Pemahaman akan hal ini pada akhirnya menjadikan saya seorang yang sangat ambisius. Hingga semua indikator berprestasi yang persis seperti demikian pun saya dapatkan selama tahun 2013 lalu. Saya pun bertumbuh menjadi seorang public speaker (abal-abal sih haha). Perlahan mulai banyak yang mengundang untuk sharing, banyak mendapat piagam penghargaan, dihujani riuh tepuk tangan, kejuaraan nasional.
Tapi anehnya.. sungguh sangat aneh.. ketika semua itu terwujud, saya TIDAK BAHAGIA sama sekali. SeriouslyJanggal. Ada sesuatu yang kosong entah apa. Gelisah, tidak tenang sama sekali. Sampai pada tahap sering dipuja, tapi melamun setelahnya, kebingungan. Hal-hal sederhana seperti makan dan tidur pun sama sekali tidak nyaman. Saya kehilangan kesederhanaan dalam kebahagiaan. Ya Allah.. kalau ingat lagi, sungguh saya tidak mau terulang.
Maka di titik itu saya mulai menyadari sesuatu.

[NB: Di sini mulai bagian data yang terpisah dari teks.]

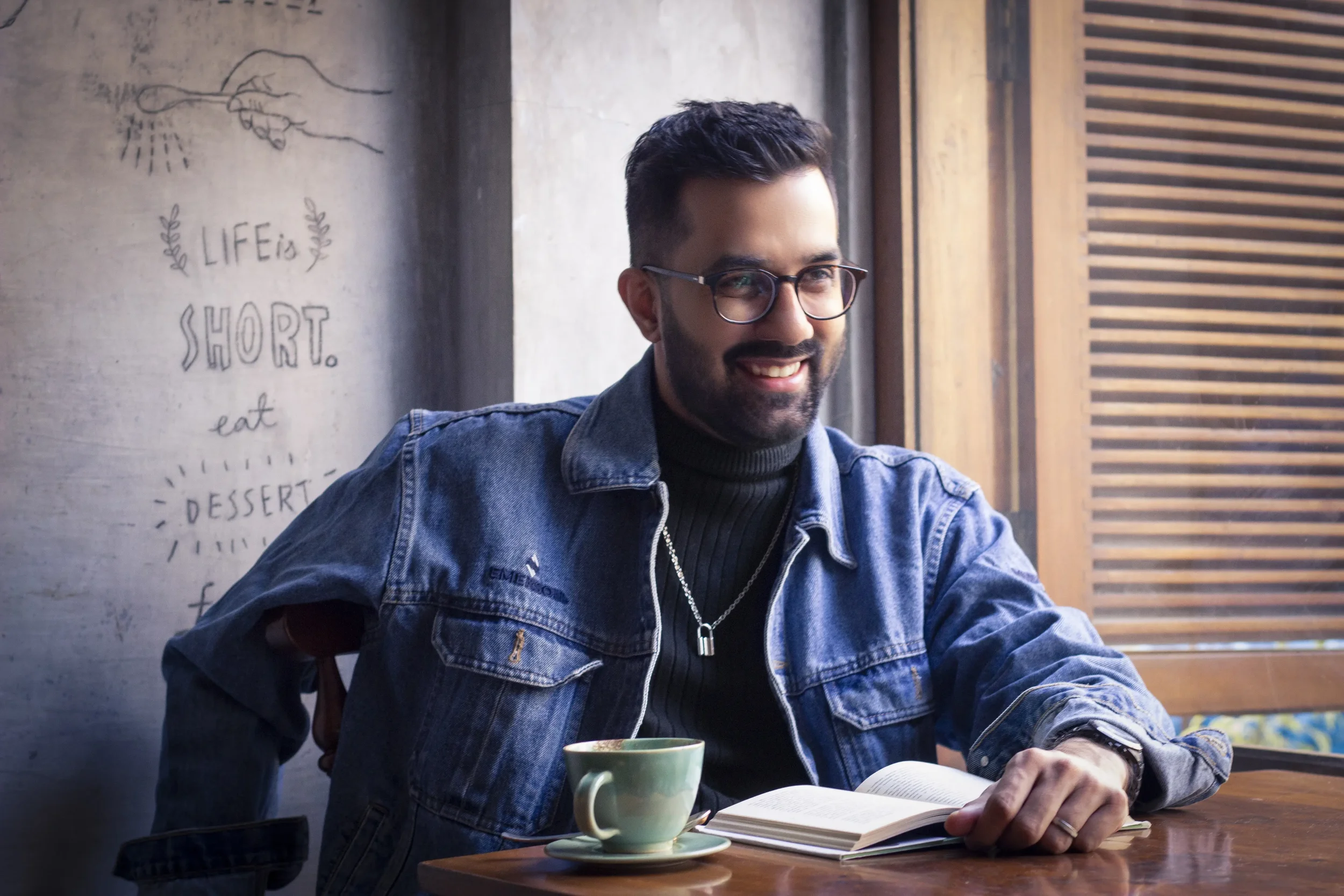 A man with glasses and a beard sitting at a wooden table with a cup and open book, smiling. There is a wall behind him with a hand-drawn art and the words 'Life is short. Eat dessert.'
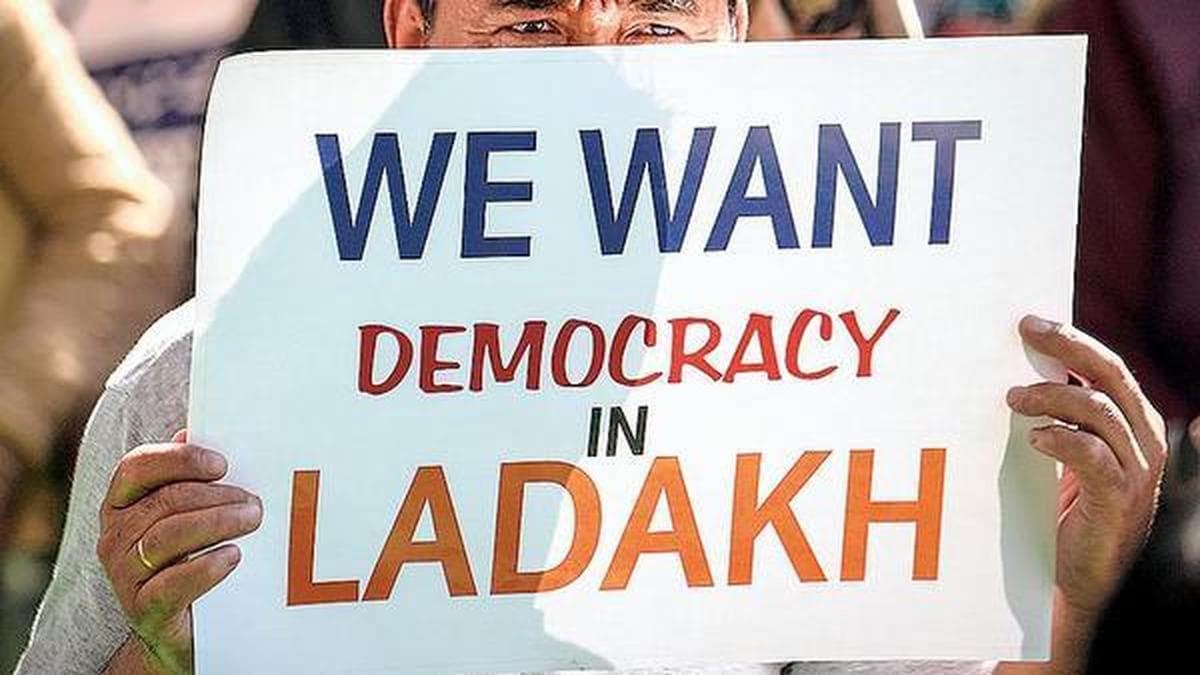 A protester holds a placard reading We Want Democracy In Ladakh during a demonstration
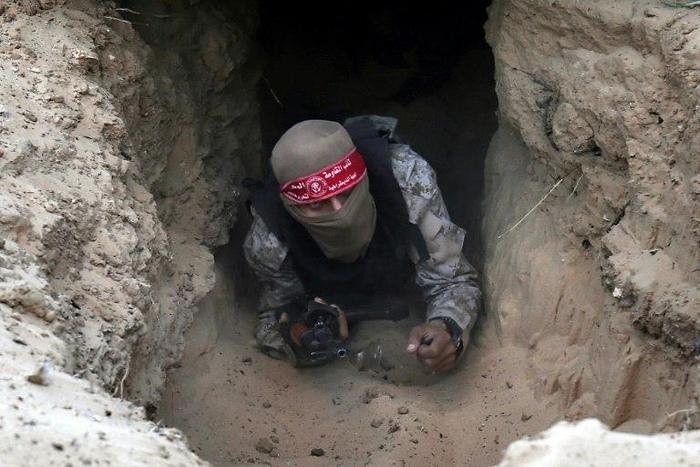 A Palestinian militant of the National Resistance brigades gets out of a tunnel in Rafah, in the southern Gaza Strip
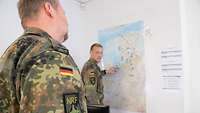 A soldier showing something on a map to another soldier.
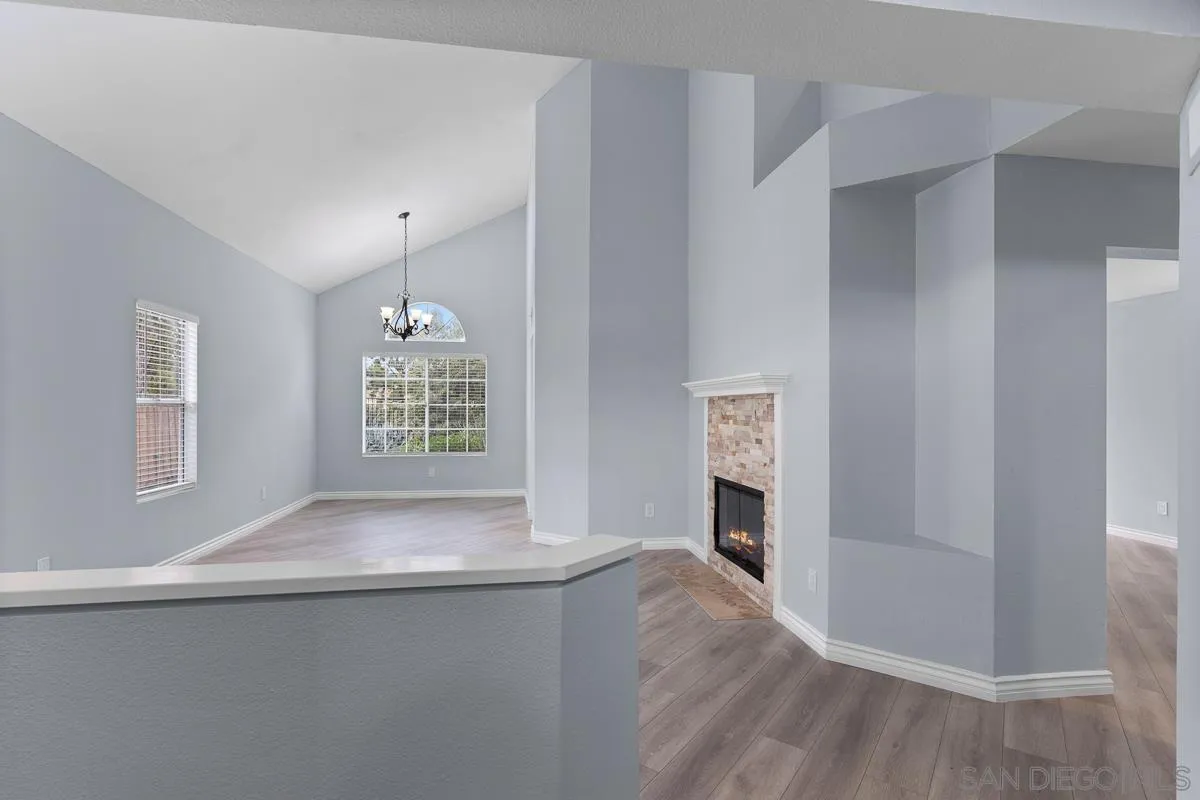 13948 Carmel Ridge Road San Diego, CA 92128 - Photo 2 of 26 a view of livingroom with hardwood floor and window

Saya baru sadar bahwa langkah saya terlalu jauh meninggalkan orang-orang terdekat. Saya menjadi sulit dijangkau. Langkah ambisius saya itu ternyata menciptakan jarak yang membuat saya seakan berbeda dengan mereka yang menemani hari-hari saya dulu. Ya teman, ya sahabat, semua berjarak. Rasa tidak bahagia ini ya nyatanya akibat ulah sendiri. Mentafakurri salah langkah tersebut, saya banyak mengambil pelajaran setelahnya *netes-netes*

Melalui fase kehidupan yang salah pemahaman itu, jawaban inilah yang saya berikan pada kawan saya yang meratap mengenai prestasi yang saat ini hanya dia definisikan dalam bentuk medali, punya piala, dikenal, pegang jabatan di kepengurusan, dll (tadi dia nyebut banyak lagi dari itu, tapi sayanya lupa. punten yah hehe)..
Yuhuu... Makna berprestasi bukanlah tentang seberapa banyak medali, piala, atau piagam penghargaan yang didapat dari lomba-lomba yang dimenangkan. Bukan juga tentang tingkat popularitasmu di mata publik, bukan tentang jumlah keberlimpahan harta, bukan tentang riuhnya tepuk tangan, atau banyaknya jumlah permintaan tanda tangan (ini malah berasa artis banget coy -_- ). Bukan tentang itu.
Berprestasi yang sebenarnya adalah ketika segala pencapaian diri tak hanya membahagiakanmu, tapi juga orang-orang terdekatmu. Dan ini hanya bisa didapatkan bila menggapai segala prestasi dijalani melalui proses kebersamaan, bukan kesendirian. Jangan sampai ambisi melumpuhkan logika, sehingga langkah-langkahmu menyakiti orang-orang terdekat yang mendukungmu.
“If you want to go FAST, go ALONE. But if you want to go FAR, go TOGETHER” – (cakeppp nih kalimat :D )
Dan tentang deretan penghargaan, percayalah.. itu hanya bonus. Bukan indikator sebuah prestasi. Ini saya berikan sebuah analogi, semoga semakin mudah dipahami.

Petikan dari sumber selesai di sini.